Ok, so the site has been down for a week. That’s because my computer’s HD crashed. Fortunately, I was able to goto Staples and purchase 2 Seagate 500GB SATA drives. That’s 1TB purchased on a whim for $260! You couldn’t do that 1 year ago. I’ve set them up as a RAID 1 (mirror) so that one drive is a backup of the other.

Along the way, I had to copy all the stuff off the old drive, which caused an infinite loop for the automounter in both the Gentoo 2007.0 LiveCD and Ubuntu 7.04 CD. Using Ubuntu, you can kill the automounter, and mount by hand. I then copied all my data using ‘tar pipe tar’, (so that permissions, ownership, and timestamps are saved for all files) and saved this blog by exporting all the MySQL databases from within a chroot environment.

After installing a new OS (Gentoo Linux) onto the new drives. I just make myself a new user, and copy the saved version of my home directory onto the new system, making sure that my uid hasn’t changed. Restoring the website was just as easy: copy the webserver settings from the old HD to the new ones, and import the MySQL databases. The coolest thing of all in this world of paradise is that KDE has session management, and so all the browser windows that were open when the crash occurred just pop right back up, as if I’d never left.

Ok, so it took awhile, but I’ve got everything back. Let’s explore how this would have worked on a Windows system. Well, since that drive refused to boot, and then also refused to automount, all that data would have been lost forever. Even supposing that I could access it, I’d have to copy all my user preferences. That requires visiting many different directories, C:/Documents and Settings/User/* for most stuff, but then what about IE bookmarks, and email, or stuff on my Desktop? All this stuff resides in different places!! Fine, so you could, potentially, comb the system and save all that stuff. What about a website? Well, you can export stuff from a database just as easily (but that assumes it’s running, which means the drive would have to be booted). Pretending that we could’ve come this far, and that we copied all this stuff onto the new system, there’s still one last hurdle: All the applications have their default behavior restored! Customizations like that require copying registry entries, a prohibitively daunting task.

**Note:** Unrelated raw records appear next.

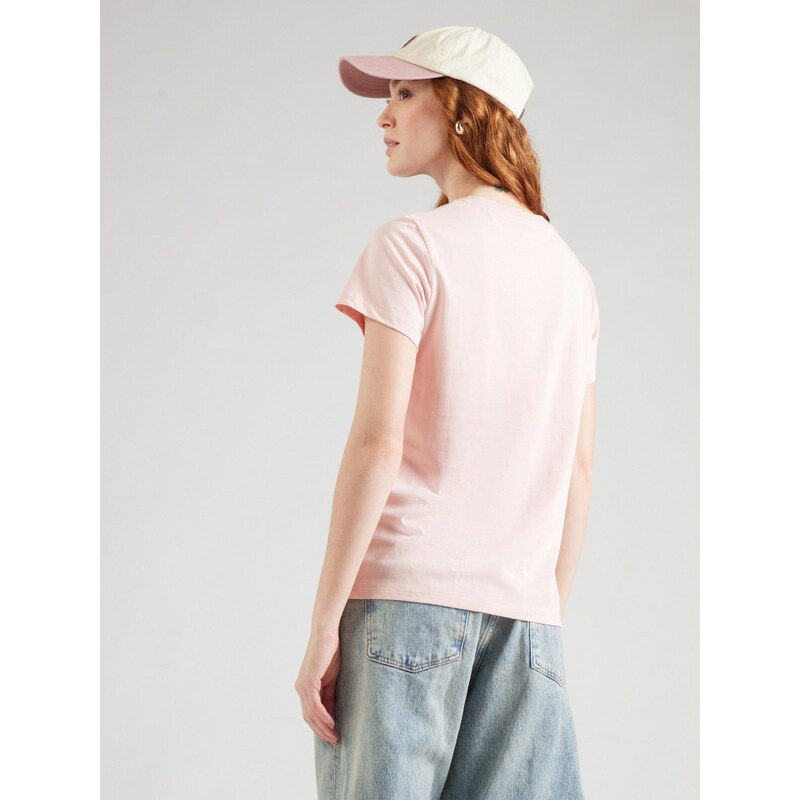 LEVI'S  Majica 'THE PERFECT' svetlo bež / konjak / rosé / bela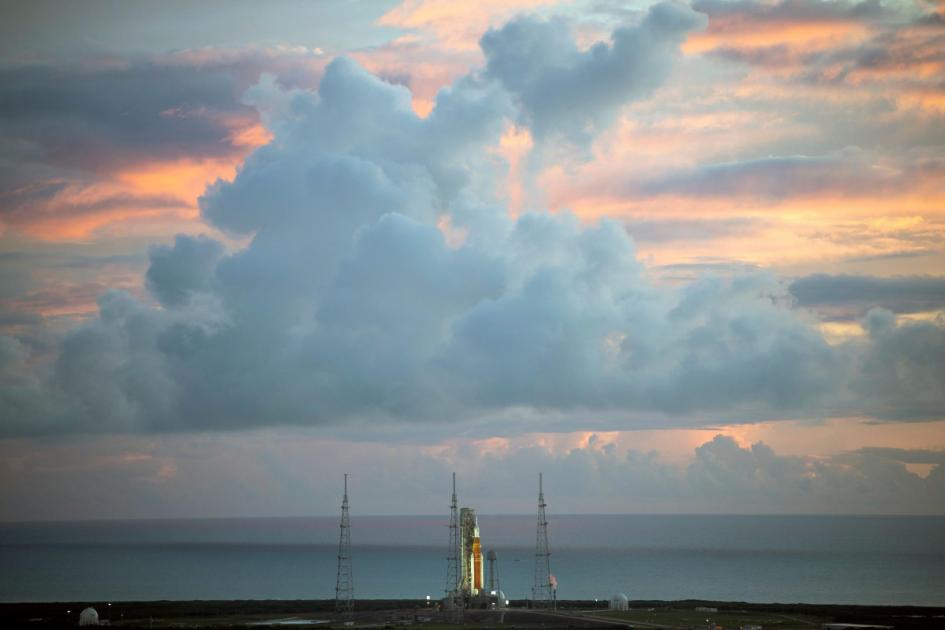 Les scientifiques de la NASA espèrent tenter de lancer Artemis 1 vendredi prochain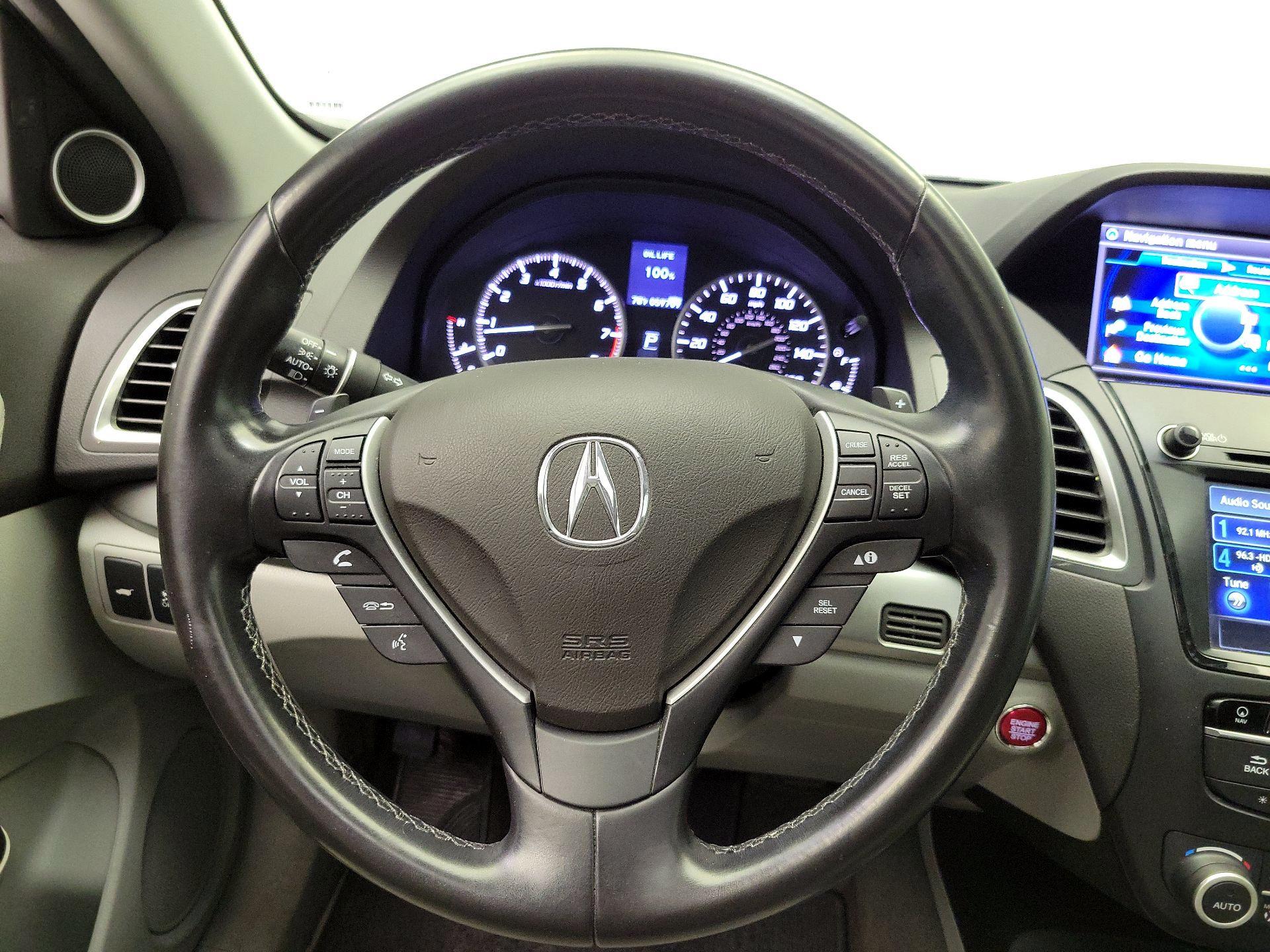 Thumbnail: 2017 Acura RDX - 10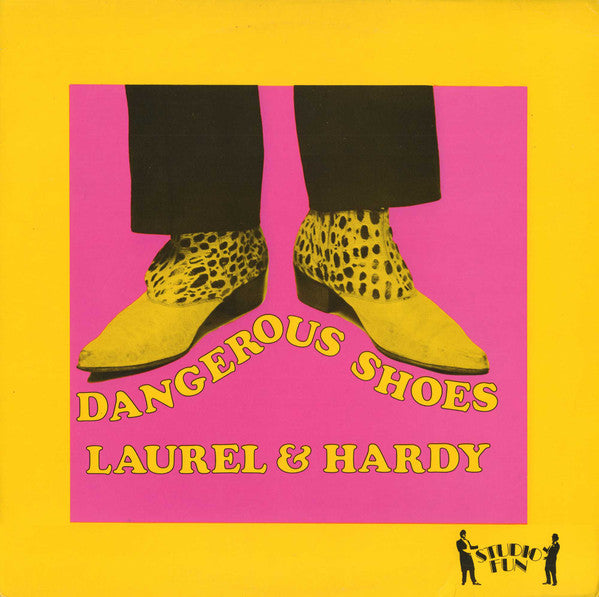 Laurel & Hardy (2) : Dangerous Shoes (12")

KISS wins again! You see, in *nix-land all application settings are kept in plain ascii text files in the /etc directory, and all user preferences are similarly kept in the users home directory. But in the world of Gates, user preferences are either in registry entries, or spread out all over the system in crazy directories, in proprietary binary formats. Windows as a software system suffers serious design flaws, and the fact that the name Microsoft is associated with computers, is an embarrassment to the industry.